By Gail Clifford MD~
Eleven months into the COVID-19 pandemic, healthcare professionals remain stressed beyond reason as they incur high levels of personal risk. With patients sicker than we’ve ever seen and too ill to return home, our responsibilities seem to expand every day.
As a hospitalist and board-certified physician in Internal Medicine, I treat patients exclusively in the hospital. It’s clear we are now entering another critical stage of the pandemic. And while it’s very disheartening that the Coronavirus wasn’t stopped earlier, we must deal with what we currently face.
Within each region, we are seeing a higher volume of patients filling emergency departments, intensive care units, and hospital floors. As the surge hits rural areas, we are beginning to see the effects of nationwide critical staffing shortages within healthcare facilities, which now impacts us directly. Specifically, we are seeing a rise in the number of quarantined and COVID-positive healthcare staff. The majority of these cases are a result of exposures during group and/or community gatherings.
Hospital employees and staff take all precautions possible to protect ourselves at work, only to be exposed to contact outside the hospital. Remaining staff are then forced to work with more patients and fewer resources with increased risk of contracting the virus.
Unfortunately, my hospital won’t guarantee treatment should I contract the virus at work. Based on a scarce resources policy, I’d be placed in the same lottery pool as other patients awaiting treatment. It’s discouraging, and makes me think twice about going to work. But my job is to treat sick patients, so I’ll do the best I can, wherever I am, for as long as I can.
We no longer have the resources to shift physicians, nurses, or EMTs across state lines to help in an emergency. The entire country is essentially facing the same problem.

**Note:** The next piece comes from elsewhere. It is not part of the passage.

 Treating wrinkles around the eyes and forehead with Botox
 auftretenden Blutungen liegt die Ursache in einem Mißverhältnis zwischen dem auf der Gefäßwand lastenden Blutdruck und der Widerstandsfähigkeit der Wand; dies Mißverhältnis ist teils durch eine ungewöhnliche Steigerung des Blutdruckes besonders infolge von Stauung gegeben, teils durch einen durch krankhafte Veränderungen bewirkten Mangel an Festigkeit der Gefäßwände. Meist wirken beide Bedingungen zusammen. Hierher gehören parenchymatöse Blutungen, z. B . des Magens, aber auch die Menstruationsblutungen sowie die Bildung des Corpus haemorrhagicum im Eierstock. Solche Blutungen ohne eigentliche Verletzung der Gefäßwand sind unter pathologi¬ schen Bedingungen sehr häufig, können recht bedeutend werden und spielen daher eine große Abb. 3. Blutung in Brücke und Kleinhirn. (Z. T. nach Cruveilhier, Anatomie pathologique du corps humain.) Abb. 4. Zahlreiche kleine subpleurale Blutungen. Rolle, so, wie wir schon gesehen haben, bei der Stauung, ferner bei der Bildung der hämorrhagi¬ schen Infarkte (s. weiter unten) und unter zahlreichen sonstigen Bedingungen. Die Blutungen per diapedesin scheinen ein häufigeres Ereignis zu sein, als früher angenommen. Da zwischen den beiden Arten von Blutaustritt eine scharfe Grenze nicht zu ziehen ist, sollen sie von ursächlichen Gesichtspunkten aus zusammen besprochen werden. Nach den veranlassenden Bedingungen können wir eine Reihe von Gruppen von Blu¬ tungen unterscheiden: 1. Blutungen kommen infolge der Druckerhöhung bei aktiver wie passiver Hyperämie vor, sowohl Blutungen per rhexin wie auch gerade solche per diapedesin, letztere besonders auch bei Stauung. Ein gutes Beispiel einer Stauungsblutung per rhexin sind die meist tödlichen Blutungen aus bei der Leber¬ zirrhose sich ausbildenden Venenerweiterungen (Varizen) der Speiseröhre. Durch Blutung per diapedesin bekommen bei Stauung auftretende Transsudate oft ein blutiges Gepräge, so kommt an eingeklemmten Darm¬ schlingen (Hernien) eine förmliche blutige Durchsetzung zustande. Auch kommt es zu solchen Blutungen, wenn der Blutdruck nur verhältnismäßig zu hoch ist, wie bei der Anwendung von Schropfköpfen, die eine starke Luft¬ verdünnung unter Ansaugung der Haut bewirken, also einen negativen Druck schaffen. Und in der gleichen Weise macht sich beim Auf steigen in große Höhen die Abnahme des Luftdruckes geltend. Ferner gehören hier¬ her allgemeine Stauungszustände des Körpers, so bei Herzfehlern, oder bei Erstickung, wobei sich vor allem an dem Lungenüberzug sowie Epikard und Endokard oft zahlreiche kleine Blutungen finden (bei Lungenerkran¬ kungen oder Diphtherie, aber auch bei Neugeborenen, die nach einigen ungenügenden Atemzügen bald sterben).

As a citizen, how can you help?
Essential healthcare workers must consider the impact of gathering in large groups outside of work, specifically when not socially distanced and/or masked. We need you to make the same considerations. At the bare minimum, we ask you continue to wear masks and socially distance both indoors and outside.

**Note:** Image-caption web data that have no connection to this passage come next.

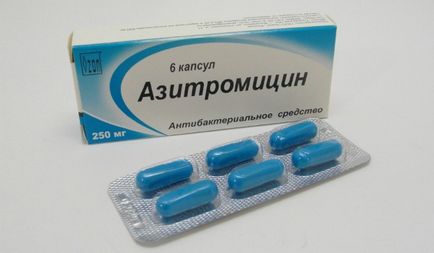 Azithromycin bronchitis (gyermekek és felnőttek) véleménye, a kezelés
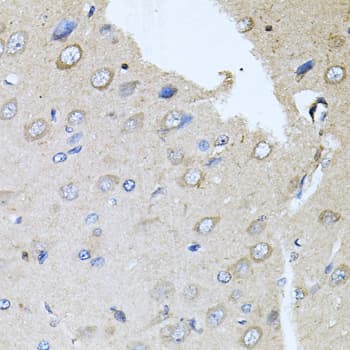Polyclonal Rabbit anti-Human RARA / RAR Alpha Antibody (IHC, WB)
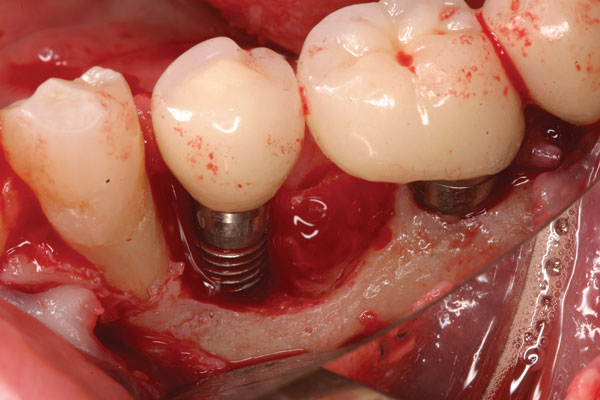 3 1 - ایمپلنت های دندانی و فرایند کاشت آنها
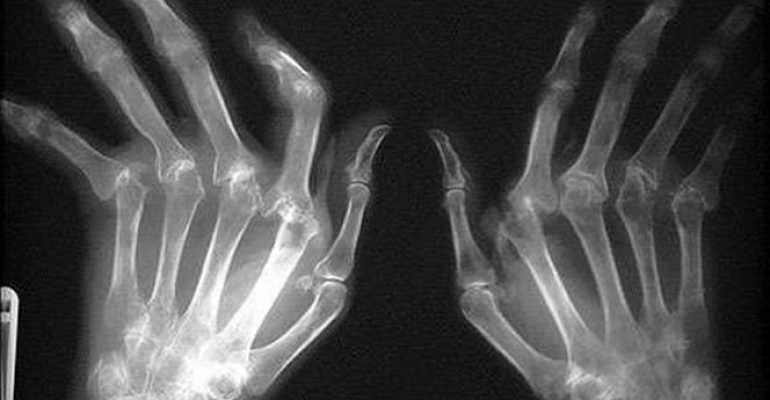 Признаки и стадии ревматоидного артрита на рентгене и МРТ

We want to keep each other safe and continue to provide quality care to our patients. In order to do that, we need staff to be able to come to work safely and minimize the risk of acquiring the virus in the community.
So many of us have little energy to do more than go to work and go home. In rural areas, we don’t have the advantages of grocery delivery or other convenient amenities. We’re forced to buy essentials at the store just as you are. Few of us can practice our faith as we had previously, relying solely on virtual mass or services. We do the best we can.
By following the CDC guidelines, hospitals work to provide a safely monitored and controlled environment in which staff can feel comfortable. Please help us to maintain this environment for everyone by following CDC guidelines, as well. Without your help, we are at a very real risk of meeting or exceeding the death toll in the United States from the 1917-1918 Spanish Influenza outbreak — a cost of 950,000 Americans.
COVID-19 a once-in-a-century viral pandemic, and it’s going to take socially responsible actions from everyone to overcome it.